While member states focussed on boosting border surveillance and destroying migrant-smugglers' boats, with virtually no discussion on resettlement of refugees from camps outside the EU or relocation of migrants who have already landed in the EU, the commission sketched out plans for both.

It suggested 20,000 refugees be resettled in the EU in the next two years. These are to be divided up between member states based on criteria including wealth and unemployment rates.

It also suggested triggering Article 78 (3) in the EU treaty which suggests that "provisional measures" can be taken if there is a "sudden inflow" of nationals of third countries. This is to be a temporary distribution scheme.

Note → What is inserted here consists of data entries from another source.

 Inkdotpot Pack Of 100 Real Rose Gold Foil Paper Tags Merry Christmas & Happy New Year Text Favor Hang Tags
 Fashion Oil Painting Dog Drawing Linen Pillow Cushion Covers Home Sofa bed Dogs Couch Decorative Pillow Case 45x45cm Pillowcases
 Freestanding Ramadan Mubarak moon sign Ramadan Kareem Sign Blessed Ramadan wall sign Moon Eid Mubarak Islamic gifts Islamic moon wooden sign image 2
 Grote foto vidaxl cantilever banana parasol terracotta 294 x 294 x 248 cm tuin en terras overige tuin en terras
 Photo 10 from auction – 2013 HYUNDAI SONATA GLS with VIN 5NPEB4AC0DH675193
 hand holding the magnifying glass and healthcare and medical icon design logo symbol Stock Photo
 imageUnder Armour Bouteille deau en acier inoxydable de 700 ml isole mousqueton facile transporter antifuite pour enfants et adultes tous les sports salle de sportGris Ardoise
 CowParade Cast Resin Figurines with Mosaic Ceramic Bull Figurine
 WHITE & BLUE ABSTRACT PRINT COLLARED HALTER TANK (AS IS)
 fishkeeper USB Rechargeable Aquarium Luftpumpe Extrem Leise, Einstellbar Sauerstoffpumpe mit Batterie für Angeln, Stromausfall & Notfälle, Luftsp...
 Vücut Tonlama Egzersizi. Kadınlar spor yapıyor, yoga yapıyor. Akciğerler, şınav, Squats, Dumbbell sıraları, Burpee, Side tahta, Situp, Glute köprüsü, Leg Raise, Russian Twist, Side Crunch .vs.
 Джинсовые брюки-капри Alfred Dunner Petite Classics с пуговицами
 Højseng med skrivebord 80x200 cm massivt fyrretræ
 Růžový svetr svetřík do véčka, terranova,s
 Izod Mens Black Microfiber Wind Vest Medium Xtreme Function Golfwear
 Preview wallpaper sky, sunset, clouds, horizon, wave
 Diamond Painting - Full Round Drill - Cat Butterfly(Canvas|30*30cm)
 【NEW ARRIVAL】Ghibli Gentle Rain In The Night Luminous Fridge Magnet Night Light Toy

The commission is clear that this is only stopgap, or a "precursor" to a lasting solution. It plans to have, by the end of the year, a "mandatory and automatically-triggered system" of distribution when a "mass influx" occurs.

The proposals were announced last Wednesday. The commission then went on holiday for four days - a long time to leave national politicians alone with the microphone.

They ran free with the ideas mixing up the relocation and the settlement scheme and bandying about the word "quotas", which doesn't appear in the proposal.

Ministers had their first formal look at it at the beginning of the week. The "enthusiasm was measured" as one diplomat put it.

Questions have emerged about virtually every aspect of the proposal, including how the commission came to its allocated percentages for taking relocated migrants.

The distribution key is based on GDP, size of population, unemployment rate and past numbers of asylum seekers. But still some are scratching their heads. For example, questions are being asked about why Estonia is pegged to take 1.76 percent of relocated migrants in an emergency influx scenario, when its richer and larger neighbour, Finland, is down to take 1.72 percent.

Like budget negotiations

Seasoned observers of EU negotiations have likened the debate on numbers and percentages to the notoriously hard-nosed discussions on the bloc's multi-annual budget.

Meanwhile, the legislative proposals will need to spell out what constitutes a "mass influx". And is it only Italy - which sees the brunt of migrants arriving that will be affected by these proposals - or could, conceivably, Sweden, which takes the lion's share of asylum-seekers per capita, trigger the emergency distribution system? Will Malta, Cyprus, or Bulgaria also be able to trigger it?

Various member states, such as Hungary and Poland, have outright rejcted the distribution, while Spain has said its efforts to stop migrants coming to Spain from north Africa should be taken into account.

The legislation on relocation needs to be adopted by a qualified majority of member states. The 20,000-migrant resettlement will be in the form of a recommendation - not binding - to the member states by the commission. But if necessary, next year, there will be a binding mandatory system proposed.

These are bold proposals.

The last European Commission, under Jose Manuel Barroso, saw the beginning of this surge of migrants coming across the Mediterranean, prompted, to a large extent, by the failed Arab Spring.

Barroso - who rarely challenged member states - managed to reach the end of his term without tackling the issue. Juncker is a different type of politician and has a better feel for the elasticity of politics and rhetoric. The migration problem has also become much more acute. There was only ever a finite amount of time before the EU simply had to deal with the people who make it to its shores.

The politics of the EU is such that the commission should be making an audacious opening gambit in sensitive areas. What eventually emerges at the other end of the legislative pipeline will be watered down.

The question is: how much watered down?

National governments are extremely wary of the rise of anti-immigration parties, so they might reject the proposals out of hand. In this case, the commission will have gambled and lost.